„Es gibt einen Preis dafür, das Bankensystem sicherer und stabiler zu machen: und dieser Preis wird unvermeidbar von der Realwirtschaft getragen“. Dieser Satz stammt von einem gewissen Peter Sands, Direktor jenes Weltbankenverbandes, der kürzlich in Wien tagte. Seinen Namen müssen wir uns nicht merken, der Satz als solcher aber ist merk-würdig.
Als hätten wir nicht schon genug an den Schäden zu tragen, die ein mit schweren Konstruktionsmängeln ausgestattetes Finanzsystem angerichtet hat, warnen uns also die Spitzen der großen Geldhäuser davor, ihr unkontrolliertes Wirken in weniger gefährliche Bahnen zu lenken. Die geforderten neuen Eigenkapitalvorschriften („Basel III“) würden den Banken einen so hohen Kapitalbedarf auferlegen, dass man in Hinkunft weniger Kredite vergeben und in Summe 9,7 Millionen Arbeitsplätze gefährden würde.
Das Argument ist ungefähr so zwingend wie das eines Öl-Managers, der nach Auftreten des größten ausdenkbaren Unfalls auf einer Ölplattform vor strengeren Sicherheitsstandards warnt, weil sie letztlich „von der Realwirtschaft“ (uns allen) getragen werden müssten.
Wahr ist: das Welt-Bankensystem hat auf Grundlage einer empirisch leider gescheiterten Kapitalmarkttheorie in einer Kombination von Fehl-Regulierung, Kapitalmarktgläubigkeit und Maßlosigkeit in der Finanzmarktkrise soviel (Schein-)Geld vernichtet und Bankkapital verbraucht, dass eine sofortige Reparatur des Systems alle überfordern würde. Wir brauchen daher Zeit und dürfen die neuen Anforderungen nicht abrupt stellen. Das ändert aber nichts an der Notwendigkeit, die neuen Spielregeln endlich verbindlich festzulegen.
Die Lizenzen für spekulative Geschäftsfelder müssen in Zukunft sehr selektiv vergeben werden, die Lizenzgebühren müssen hoch sein und sie müssen von den Finanzhäusern selbst getragen werden. Nur mehr jene Teile des Bankensystems, die direkten Nutzen für Unternehmen und Konsumenten stiften, dürfen mit staatlicher Unterstützung rechnen, während die potentiell systemgefährdenden Geschäftsfelder abzutrennen sind.
Überraschenderweise nimmt sich gerade der neue britische Schatzkanzler George Osborne dieses Themas mit unkonventioneller Offenheit an. Die konservativ-liberale Koalition will innerhalb eines Jahres geprüft haben, wie sich große Geldhäuser in eine (spekulative) Investment- und eine („normale“) Geschäftsbank aufspalten lassen. Wirtschaftsminister Vince Cable lässt sich mit dem Satz zitieren: „Die Reise geht klar in Richtung einer Trennung von Privatkundengeschäft und Kasino-Banken“.
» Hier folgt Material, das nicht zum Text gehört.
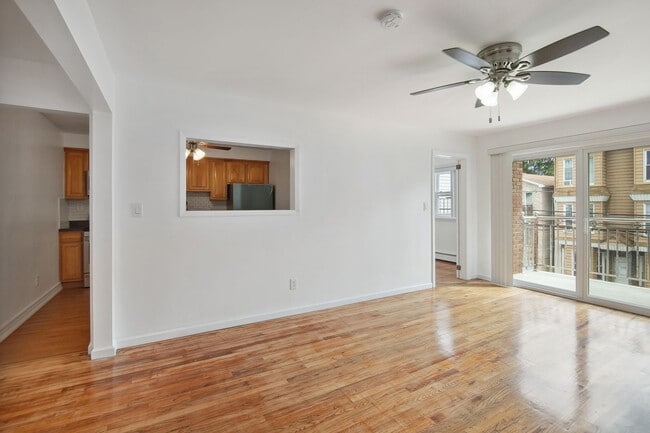 Building Photo - 140 Hopkins Ave
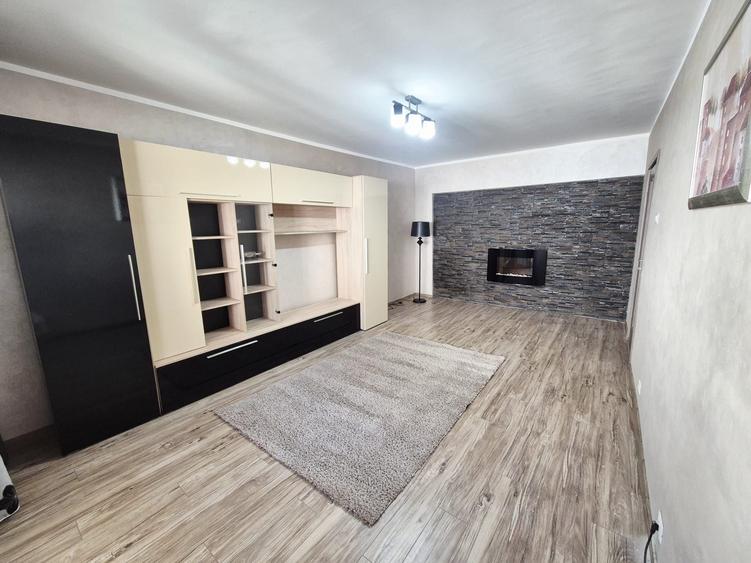 Apartament cu 3 camere decomandat în Ciritei
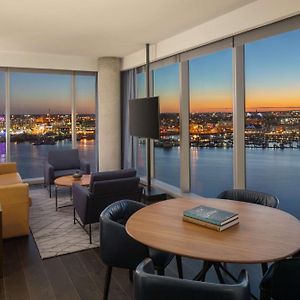 One-Bedroom King Suite River View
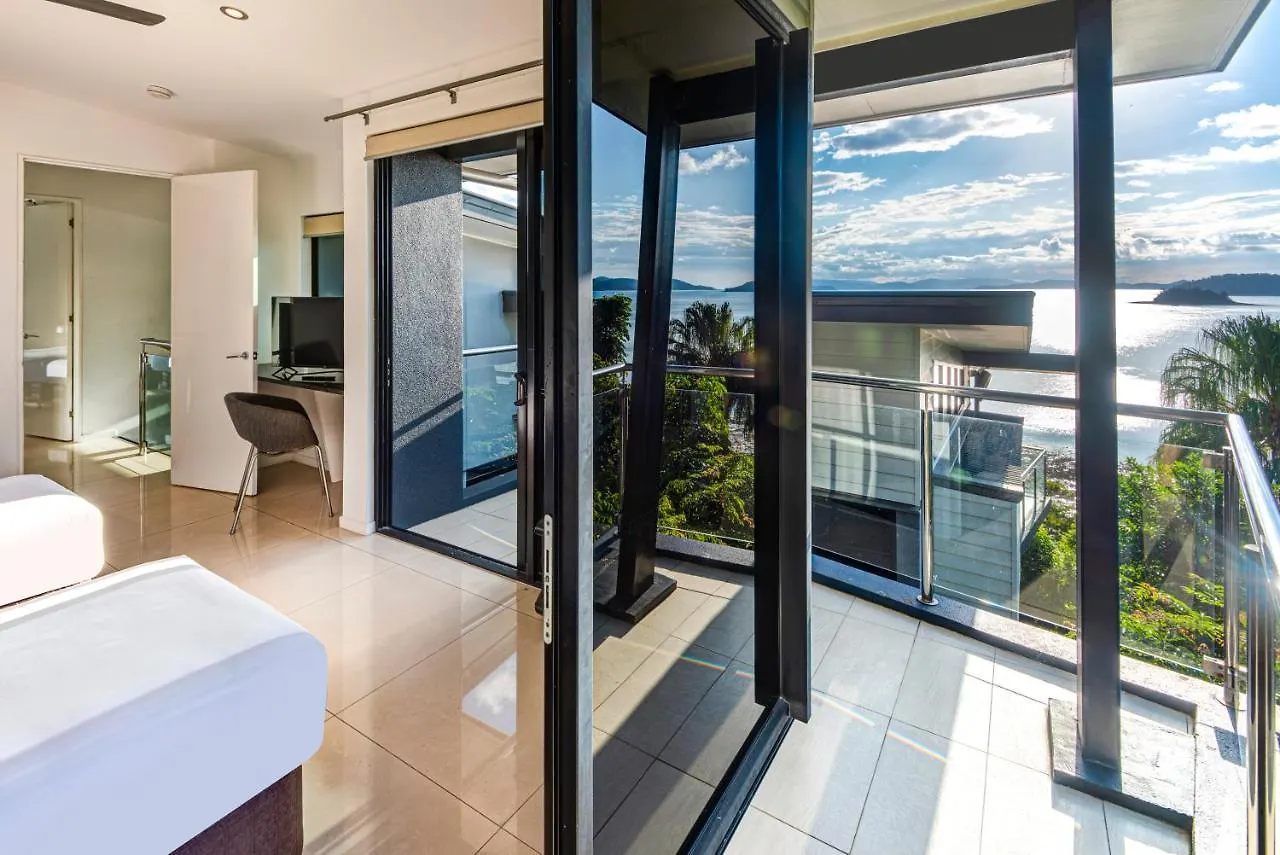 Apartment Edge Penthouse On By Hiha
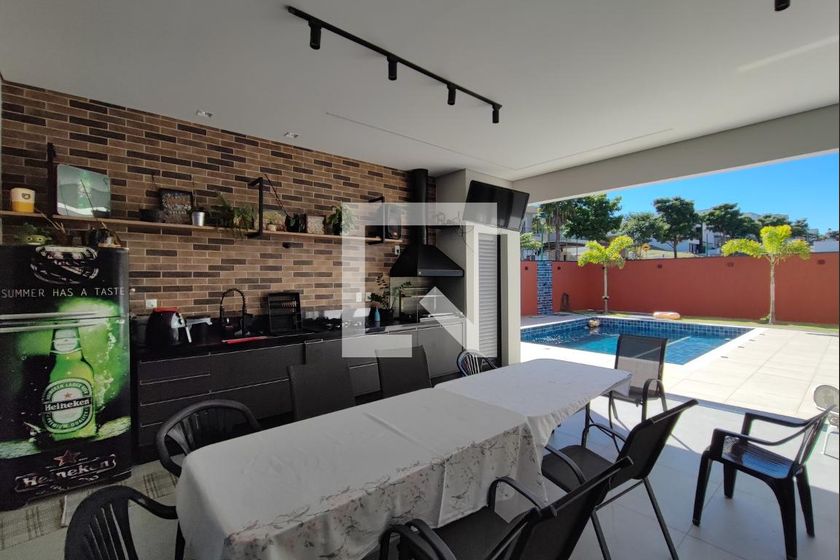 Casa à Venda - Swiss Park, 4 Quartos,  302 m2 em , Campinas - sp | SoloBR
Josef Schumpeter antwortete einst den Kritikern stringenter Rahmenbedingungen für den Markt, man käme schließlich auch mit einem Auto, das über ein gutes Bremssystem verfügt, schneller ans Ziel, als mit einem Auto ohne Bremsen. Es ist meine zutiefst wirtschaftliberale Überzeugung, dass auch ein Finanzsystem mit neuen (regulatorischen) Sicherheitssystemen besser vorankommt und mehr Nutzen für alle stiftet als jener ungebremste Finanzliberalismus, mit dem wir aus der Kurve geflogen sind.